> _Brief_: Your task is to return the listing below word for word, without any of its images.

> _Data provided_:
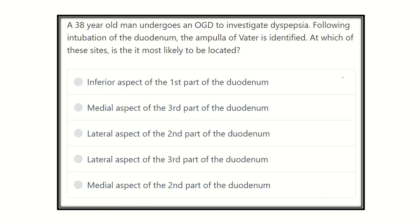Hi everyone, welcome to another video. This is the question and answer session, and solving questions is one of the ways to pass the MRCS exam. Here is the question.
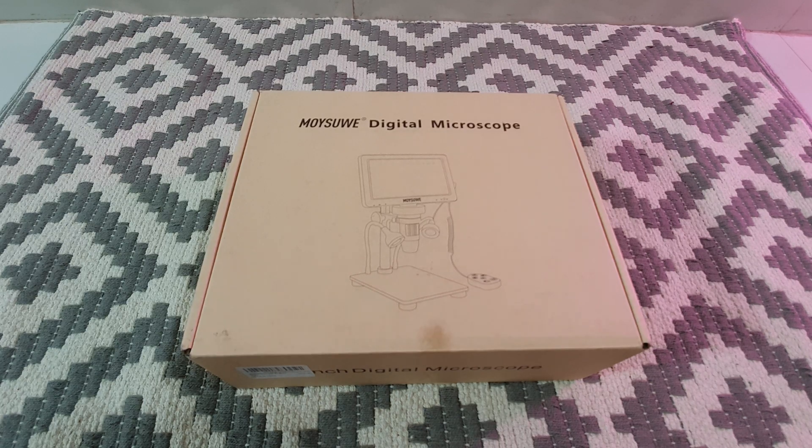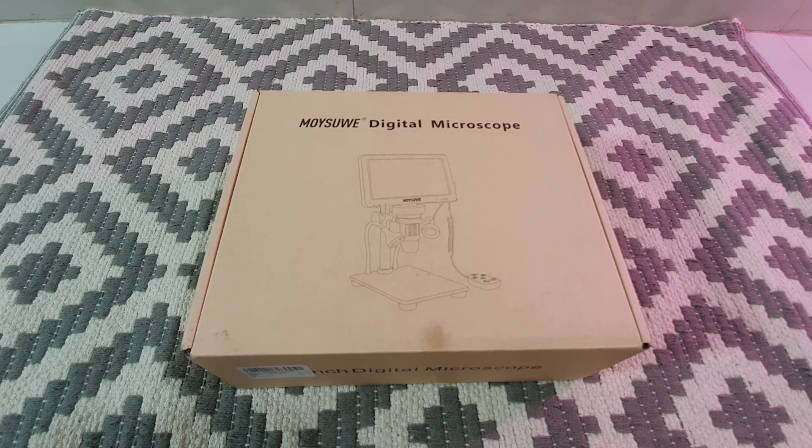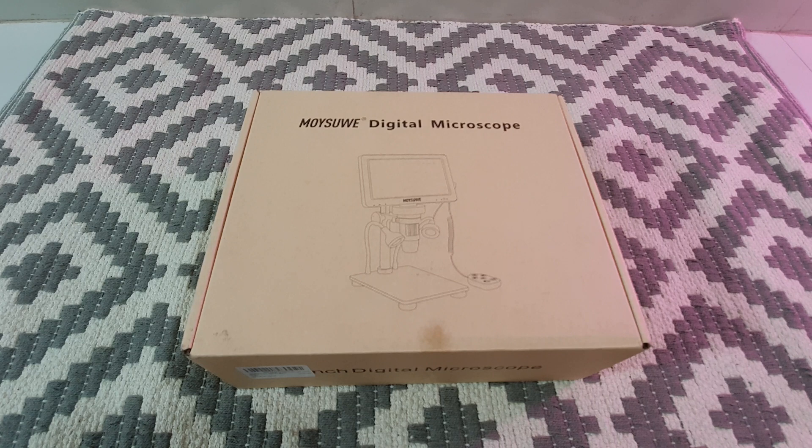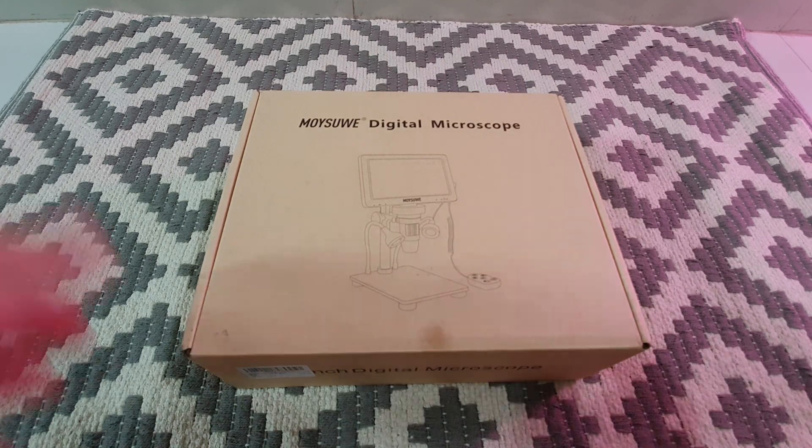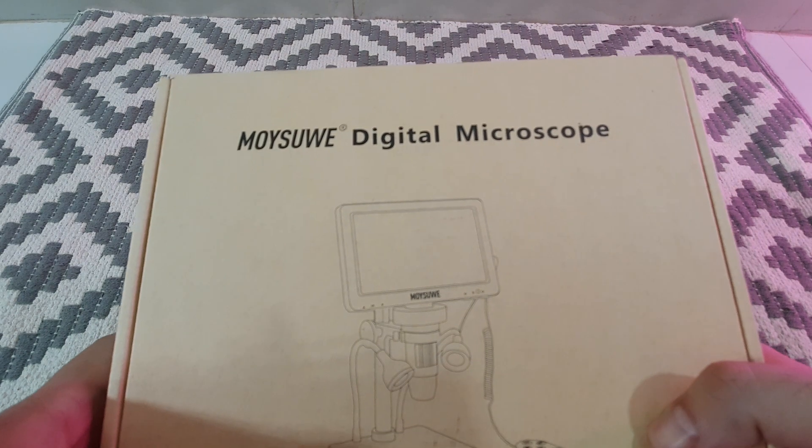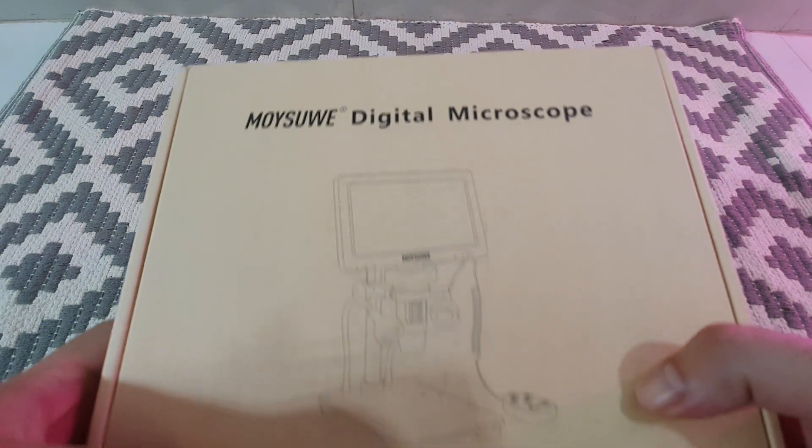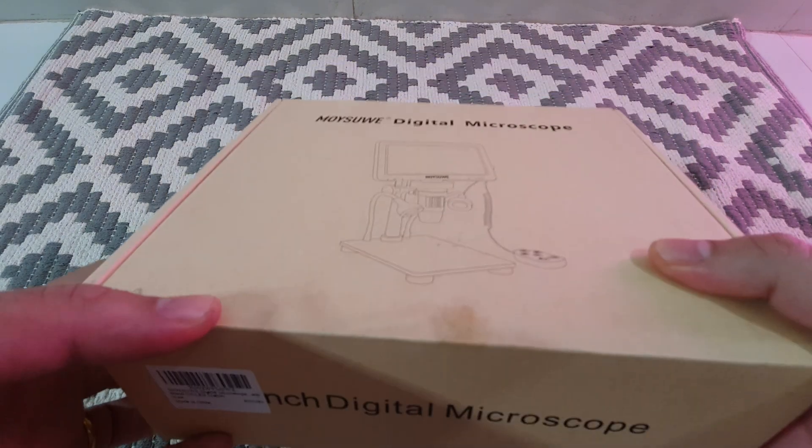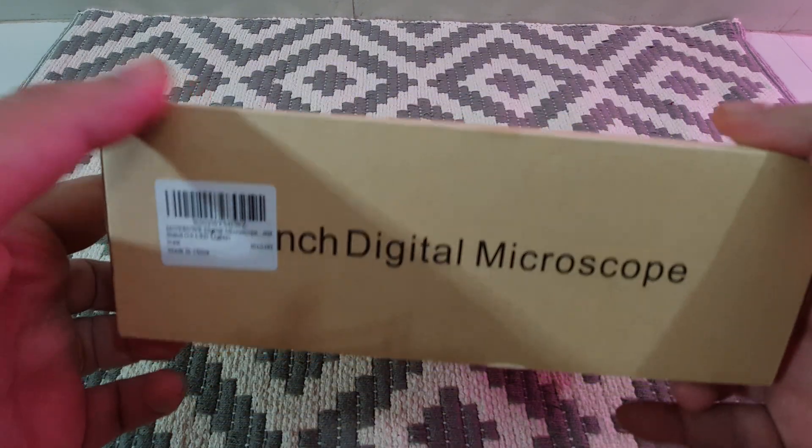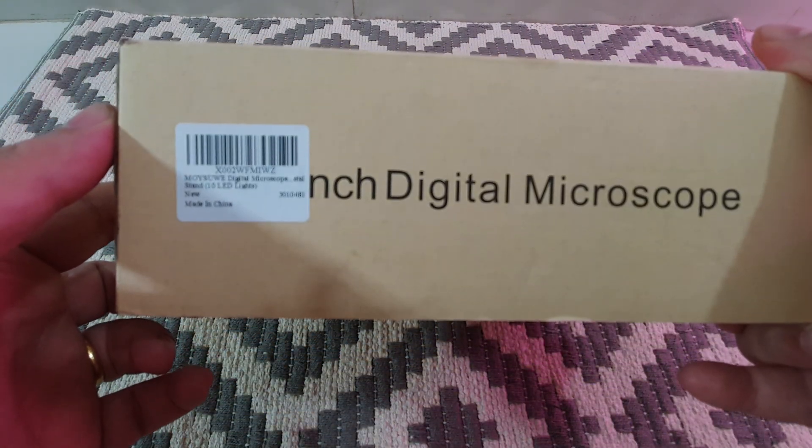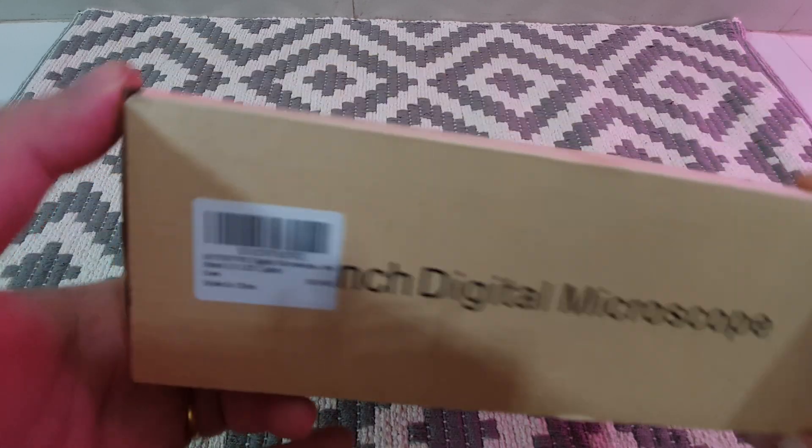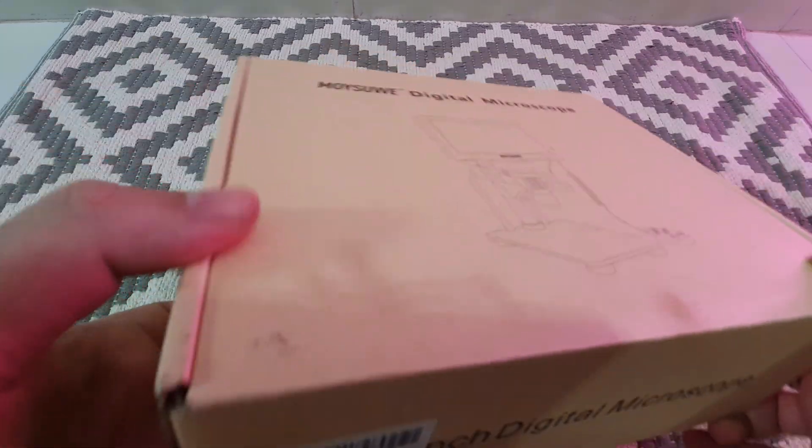Packaging has been very simple these days. This one comes in a plain cardboard box, eco-friendly packaging. Pretty sturdy packaging. It just says Moisoovay digital microscope.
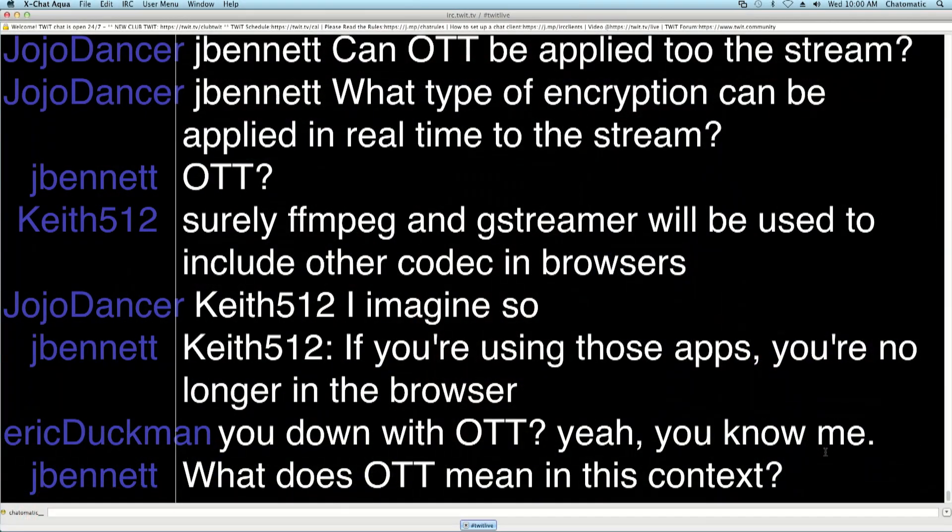We've got a question from our chat room — we do have a live audience. Jojo Dancer wants to know: what about security and secure streams? What type of encryption can be applied in real time to the stream? I've looked into this and I think I know the answer, but I will let the expert answer. Can you encrypt a WebRTC stream?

> _Written solution_:
Hi everyone, welcome to another video. This is the question and answer session, and solving questions is one of the ways to pass the MRCS exam. Here is the question.
Packaging has been very simple these days. This one comes in a plain cardboard box, eco-friendly packaging. Pretty sturdy packaging. It just says Moisoovay digital microscope.
We've got a question from our chat room — we do have a live audience. Jojo Dancer wants to know: what about security and secure streams? What type of encryption can be applied in real time to the stream? I've looked into this and I think I know the answer, but I will let the expert answer. Can you encrypt a WebRTC stream?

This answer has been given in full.